** MATERIAL SUPPLIED follows **
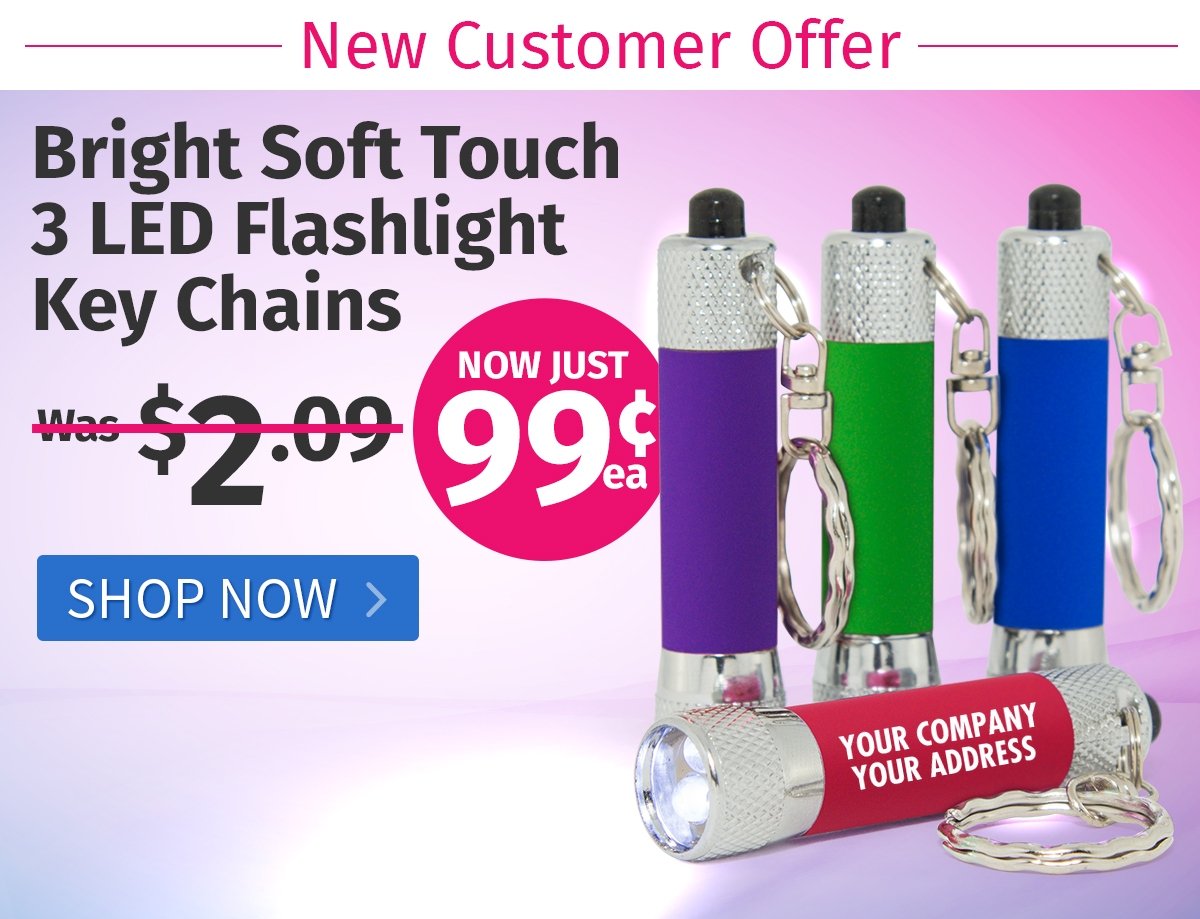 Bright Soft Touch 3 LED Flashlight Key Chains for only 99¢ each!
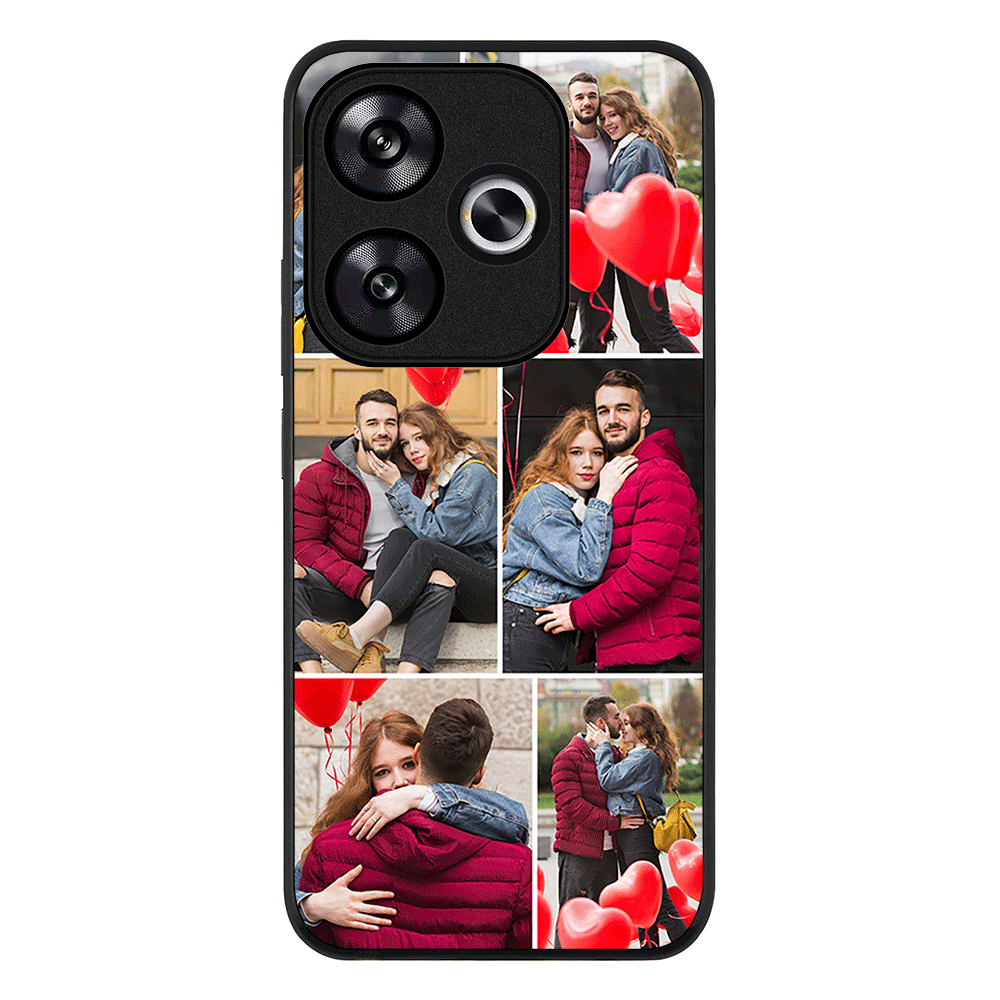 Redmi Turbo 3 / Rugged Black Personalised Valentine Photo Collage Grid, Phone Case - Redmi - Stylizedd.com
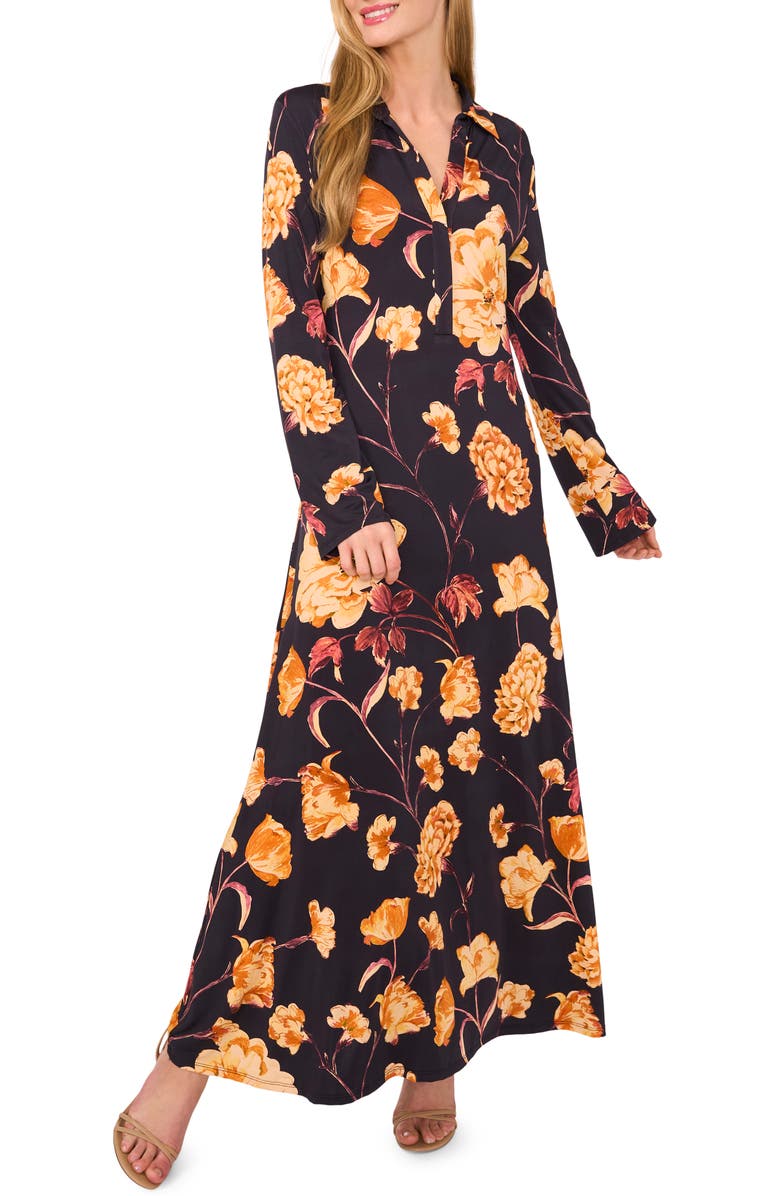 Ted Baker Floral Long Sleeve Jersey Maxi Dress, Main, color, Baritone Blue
** End of MATERIAL SUPPLIED **
** MATERIAL SUPPLIED follows **
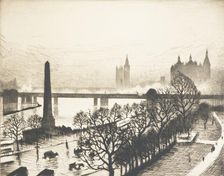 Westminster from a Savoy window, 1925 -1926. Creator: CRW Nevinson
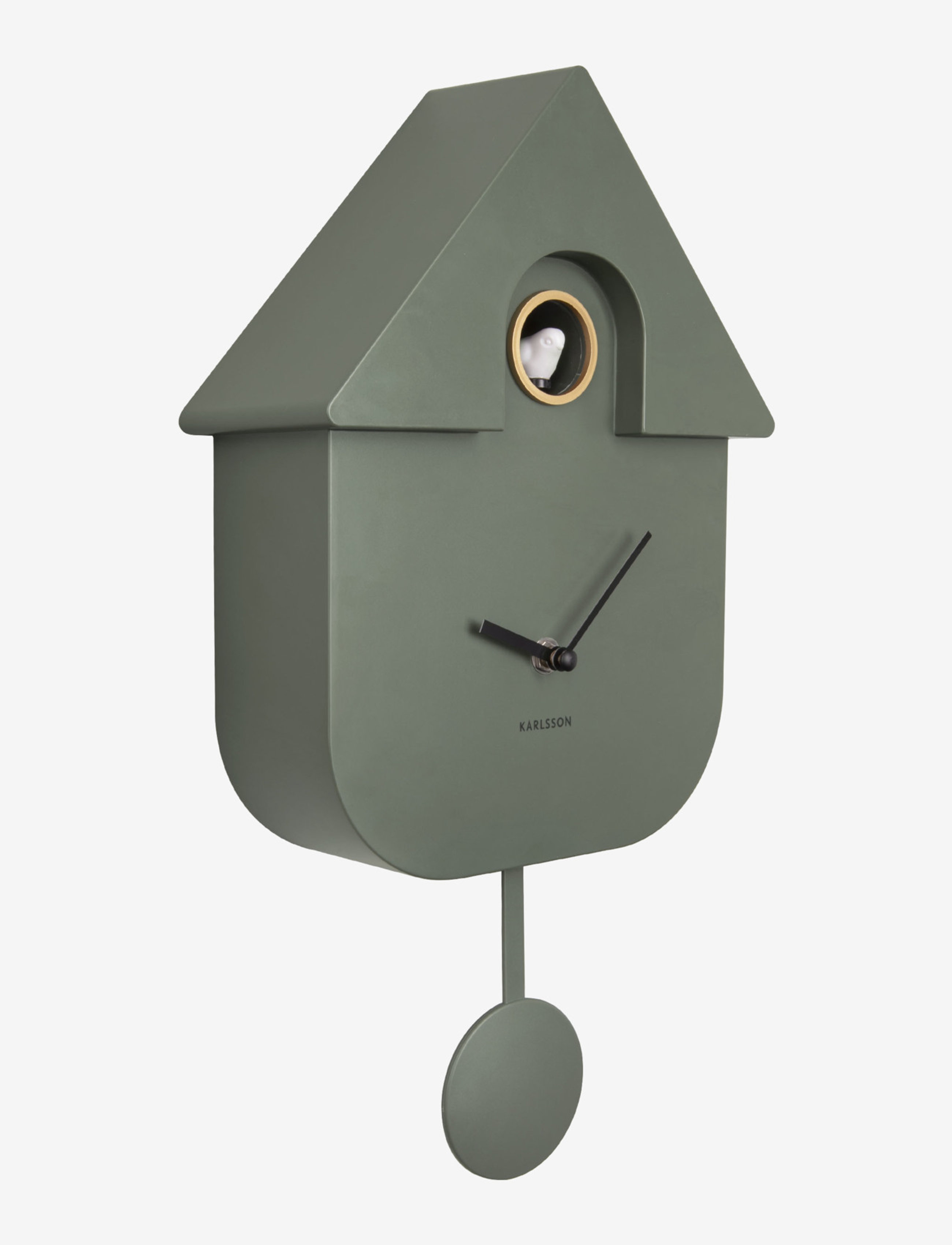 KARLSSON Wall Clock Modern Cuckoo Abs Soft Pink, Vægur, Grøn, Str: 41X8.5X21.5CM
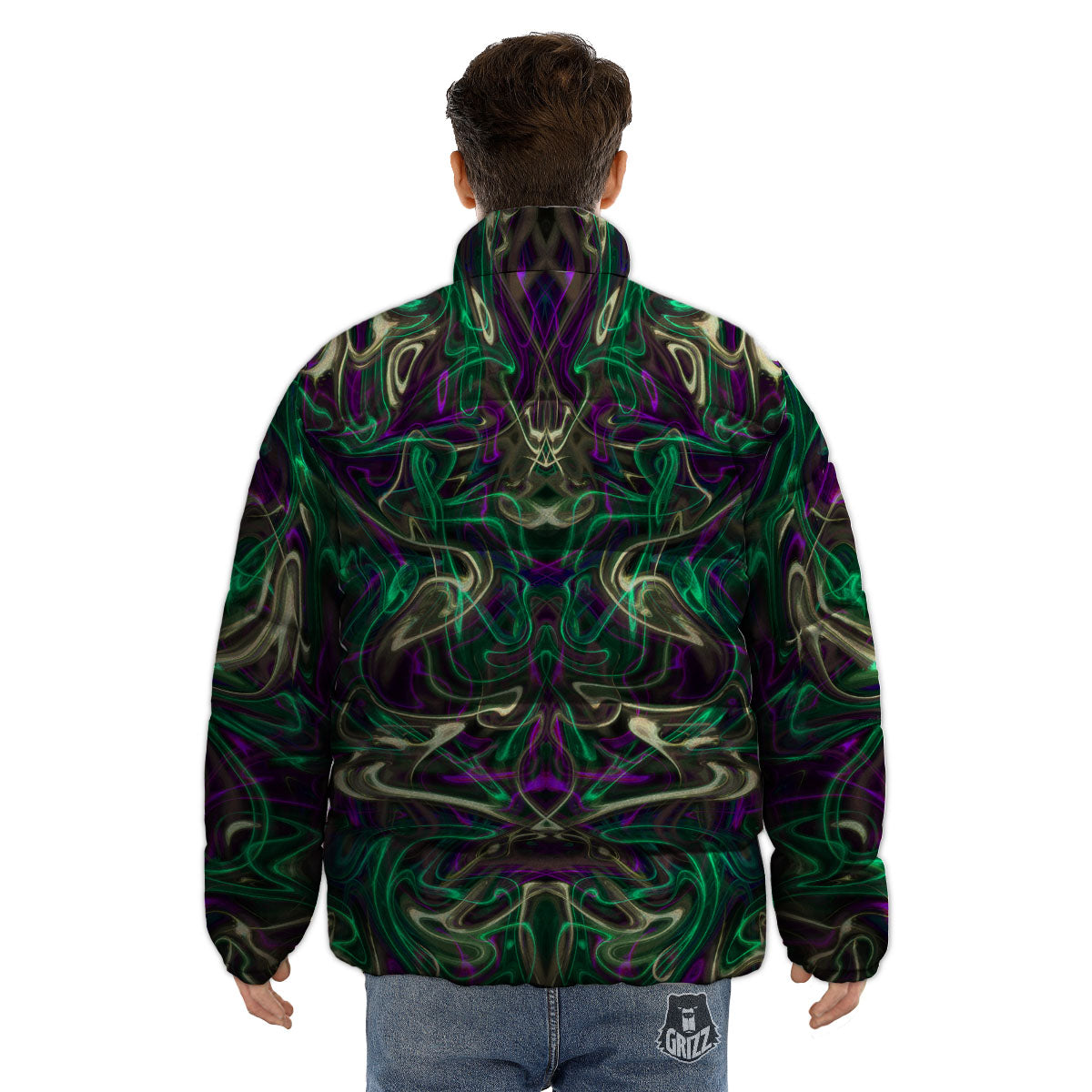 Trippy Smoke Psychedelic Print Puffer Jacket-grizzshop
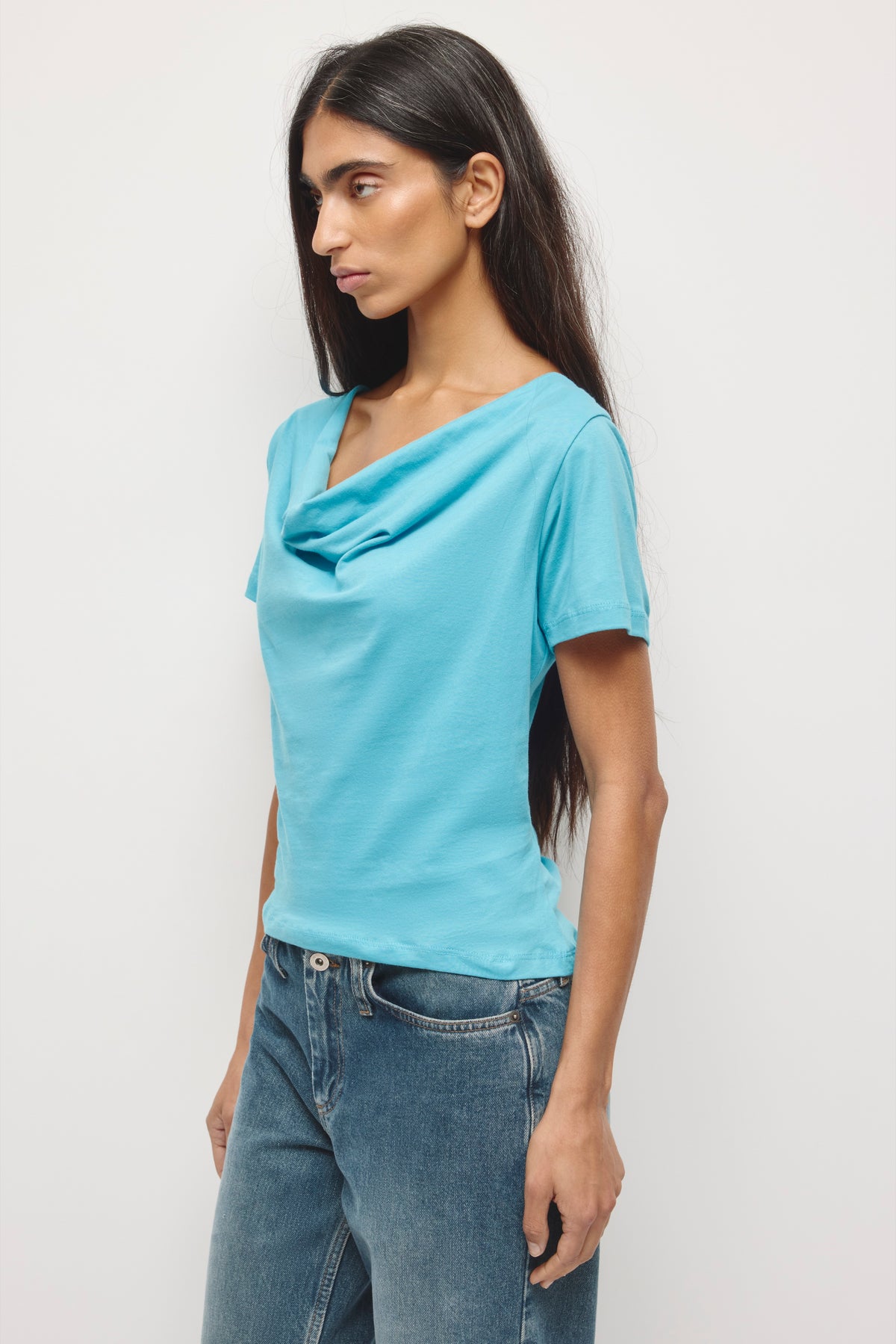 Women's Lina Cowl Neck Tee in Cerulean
** End of MATERIAL SUPPLIED **
** MATERIAL SUPPLIED follows **
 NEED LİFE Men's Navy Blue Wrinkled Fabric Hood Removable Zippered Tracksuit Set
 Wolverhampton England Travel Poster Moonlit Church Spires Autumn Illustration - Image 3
** End of MATERIAL SUPPLIED **
(GOAL OF THE EXERCISE): The exact lines of the material above starting at the one that contains "NEED LİFE Men's" and ending at the one that contains "Wolverhampton England Travel" are what to retype; leave out everything else.

(WRITTEN SOLUTION):
 NEED LİFE Men's Navy Blue Wrinkled Fabric Hood Removable Zippered Tracksuit Set
 Wolverhampton England Travel Poster Moonlit Church Spires Autumn Illustration - Image 3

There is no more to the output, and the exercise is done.